We mustn't overstate these things because they're quite important enough as they are. Suffice it to say that the entire British constitutional settlement is being overturned in Standing Committee A by one of the most junior and inexperienced ministers, the stand-in for the Duchy of Lancaster.
Jim Murphy's probably a nice young fellow but by no means, in the language of the day, fit for purpose.
The Legislative and Regulatory Reform Bill going through its stages is a New Labour masterpiece. It was conceived to "remove burdens" from over-regulated citizens. Towards the end of the drafting process, some brilliant Whitehall Olly reasoned thus: "Why should ministers have fewer rights than ordinary citizens? Don't ministers deserve to have their burdens relieved too?" No contrary argument could be found. As a result, ministers are now being given powers to amend any laws they like without the burden of parliamentary approval.
In the most perverse of consequences, the Bill to remove regulations has made it infinitely easier for ministers to pass them.
I've been along to three of these committee meetings over the past week and am more and more surprised at each outing. Jim Murphy offers long and detailed assurances about how the Act will and won't be used. When asked to put these assurances into the Bill, he refuses. Ministerial assurances at the despatch box have the legal status of intestinal afflatus so you would be wrong to be reassured.
Jim Murphy buries himself ostentatiously in his brief, frequently refuses to take interventions ("I want to make progress"), and dismisses fundamental arguments against the Bill as "debating points".
As a result of his approach, ministers will be empowered to amend any and every sort of law from habeas corpus to what they are going to put on your ID card.
"A person" is to get legislative powers. Anyone. If you are in the circle. The minister will be able to offer you the power to make laws.
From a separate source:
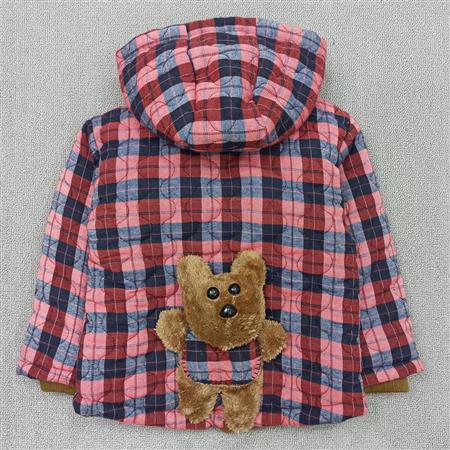 کاپشن رنگی خرسی سایز کوچک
Maybe they'll be outsourcing to Bangalore. Maybe they'll let the TUC write employment regulations. Maybe the incoming government will let Rupert Murdoch write the takeover code.
There are safeguards. "Controversial" legislation won't be eligible for the "abbreviated procedure". But who decides if it's controversial? The minister. But there will be public consultation? The minister will assess, interpret and present the responses and doesn't have to abide by the result anyway. Certain select committees may (that's not a will) have a power of veto - but select committees are appointed by the whips and they have government majorities.
And for any talk of safeguards, the Bill can be used to amend itself, abolishing anything in it the minister wishes.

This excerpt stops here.